Mas sem mais delongas, qual é exatamente o tema principal de O Sétimo Selo? A miséria medieval? A crise existencial? A peste negra? A redenção de um cavaleiro ao salvar uma família da Morte? Bom, na verdade, é tudo junto. Mas o tema que permeia toda a projeção é, claro, a inevitabilidade da finitude. Após assistir a quase toda a filmografia de Bergman, percebi que o diretor tem um certo fascínio por relógios, já que em quase 100% de suas obras, pode-se ouvir um tic-tac, ou um cuco, ou até mesmo sinos de uma igreja. Tudo representando a passagem do tempo.
Em O Sétimo Selo, temos primeiro o encontro com o cadáver no topo da colina quando Jöns vai pedir informações, os afrescos mórbidos na igreja que estimulam os fiéis a sempre recorrerem à salvação divina, a procissão de auto-flagelação que interrompe a alegre apresentação circense, a camponesa morta no celeiro de quem Raval rouba o bracelete, a garota que será executada por supostamente falar com o Diabo... Toda a trajetória de Antonius, Jöns, Jof, Mia e companhia apresenta uma espécie de memorando mórbido.

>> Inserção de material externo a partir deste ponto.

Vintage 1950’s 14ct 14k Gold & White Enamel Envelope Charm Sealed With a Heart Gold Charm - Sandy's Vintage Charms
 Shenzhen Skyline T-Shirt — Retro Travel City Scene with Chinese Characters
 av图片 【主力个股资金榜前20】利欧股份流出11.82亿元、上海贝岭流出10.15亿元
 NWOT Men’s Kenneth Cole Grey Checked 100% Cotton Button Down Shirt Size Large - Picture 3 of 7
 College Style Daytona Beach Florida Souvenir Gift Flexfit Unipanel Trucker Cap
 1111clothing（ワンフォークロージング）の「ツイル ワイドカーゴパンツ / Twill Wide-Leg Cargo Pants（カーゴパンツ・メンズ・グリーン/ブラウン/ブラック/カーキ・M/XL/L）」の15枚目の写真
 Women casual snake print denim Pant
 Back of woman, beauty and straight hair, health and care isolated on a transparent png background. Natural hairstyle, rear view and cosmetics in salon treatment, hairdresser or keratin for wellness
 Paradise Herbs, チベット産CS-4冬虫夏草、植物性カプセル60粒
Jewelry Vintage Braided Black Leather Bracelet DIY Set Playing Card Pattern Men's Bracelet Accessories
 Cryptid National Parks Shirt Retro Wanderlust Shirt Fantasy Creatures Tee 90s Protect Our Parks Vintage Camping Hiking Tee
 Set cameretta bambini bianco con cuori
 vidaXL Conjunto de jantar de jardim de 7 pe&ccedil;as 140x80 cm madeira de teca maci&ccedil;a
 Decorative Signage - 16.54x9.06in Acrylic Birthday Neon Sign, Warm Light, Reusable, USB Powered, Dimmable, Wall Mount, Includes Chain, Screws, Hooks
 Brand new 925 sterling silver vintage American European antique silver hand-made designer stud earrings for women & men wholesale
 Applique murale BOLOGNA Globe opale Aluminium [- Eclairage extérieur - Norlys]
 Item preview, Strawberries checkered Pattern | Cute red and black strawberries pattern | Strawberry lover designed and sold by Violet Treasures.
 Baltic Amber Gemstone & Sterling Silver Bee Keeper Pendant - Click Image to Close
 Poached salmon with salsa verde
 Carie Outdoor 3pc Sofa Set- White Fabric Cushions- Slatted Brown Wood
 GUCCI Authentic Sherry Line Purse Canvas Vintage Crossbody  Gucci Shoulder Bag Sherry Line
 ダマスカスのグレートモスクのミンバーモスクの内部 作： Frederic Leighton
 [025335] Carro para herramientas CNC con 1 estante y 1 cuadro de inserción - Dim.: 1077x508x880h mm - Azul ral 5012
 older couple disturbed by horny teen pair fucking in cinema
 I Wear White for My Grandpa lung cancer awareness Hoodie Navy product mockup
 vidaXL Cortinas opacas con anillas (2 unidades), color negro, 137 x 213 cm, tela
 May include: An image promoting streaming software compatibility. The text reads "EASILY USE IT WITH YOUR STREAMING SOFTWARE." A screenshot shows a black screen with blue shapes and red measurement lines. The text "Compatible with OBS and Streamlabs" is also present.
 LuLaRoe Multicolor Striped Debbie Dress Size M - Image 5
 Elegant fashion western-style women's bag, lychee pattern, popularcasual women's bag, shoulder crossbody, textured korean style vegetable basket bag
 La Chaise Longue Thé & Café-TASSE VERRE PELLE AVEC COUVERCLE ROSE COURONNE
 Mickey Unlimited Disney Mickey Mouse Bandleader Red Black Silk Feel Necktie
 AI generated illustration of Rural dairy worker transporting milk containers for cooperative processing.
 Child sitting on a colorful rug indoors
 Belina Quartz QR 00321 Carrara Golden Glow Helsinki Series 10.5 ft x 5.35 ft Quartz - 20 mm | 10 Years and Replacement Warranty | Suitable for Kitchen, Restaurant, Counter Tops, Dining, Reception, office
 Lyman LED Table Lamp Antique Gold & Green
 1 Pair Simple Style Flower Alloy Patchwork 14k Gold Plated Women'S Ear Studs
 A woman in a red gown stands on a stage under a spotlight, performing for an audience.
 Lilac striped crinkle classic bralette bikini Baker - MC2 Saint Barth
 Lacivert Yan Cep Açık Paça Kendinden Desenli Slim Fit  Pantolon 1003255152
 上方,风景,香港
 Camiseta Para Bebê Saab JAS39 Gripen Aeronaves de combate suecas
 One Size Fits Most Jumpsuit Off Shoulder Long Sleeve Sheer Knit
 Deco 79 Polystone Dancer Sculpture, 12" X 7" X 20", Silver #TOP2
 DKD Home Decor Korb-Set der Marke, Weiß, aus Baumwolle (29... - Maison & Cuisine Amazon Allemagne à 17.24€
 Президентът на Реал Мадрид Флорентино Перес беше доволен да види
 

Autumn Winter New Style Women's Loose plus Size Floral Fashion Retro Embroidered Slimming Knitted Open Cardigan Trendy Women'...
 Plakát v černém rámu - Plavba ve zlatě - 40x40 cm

Claro que, ao vermos tudo pela perspectiva de Antonius, temos a temática do Silêncio de Deus, também explorada por Bergman na Trilogia do Silêncio (composta pelos ótimos Através de um Espelho, Luz de Inverno e O Silêncio), que revela o medo do protagonista em cair na escuridão eterna, no vazio. Por isso busca algum sinal divino para voltar a acreditar. “Fé é um tormento. É como amar alguém que está no meio da escuridão mas nunca aparece, não importa o quão alto você chame.”
Mas acaba que no fim isso não é exatamente relevante, porque a Morte sempre estará lá, mesmo se for como um convidado indesejado no jantar. Mas pelo menos, Antonius conseguiu sua redenção ao distrair o Ceifador para Jof, Mia e seu pequeno Mikael escaparem. E assim, Jof vê ao longe mais uma de suas visões, a Danse Macabre, liderada pela morte que leva cavaleiros, circenses, ferreiros e camponeses em uma procissão solene.
“À frente vai o rígido mestre com a foice e a ampulheta. Mas o Tolo vem no final, com seu alaúde. E o rígido mestre, a Morte, ordena que eles dancem. Ela quer que fiquem de mãos dadas e que dancem formando uma longa fila.”
E assim como a dança, o olhar dicotômico perante a Morte aqui questiona: a efemeridade inevitável é realmente tão assustadora assim?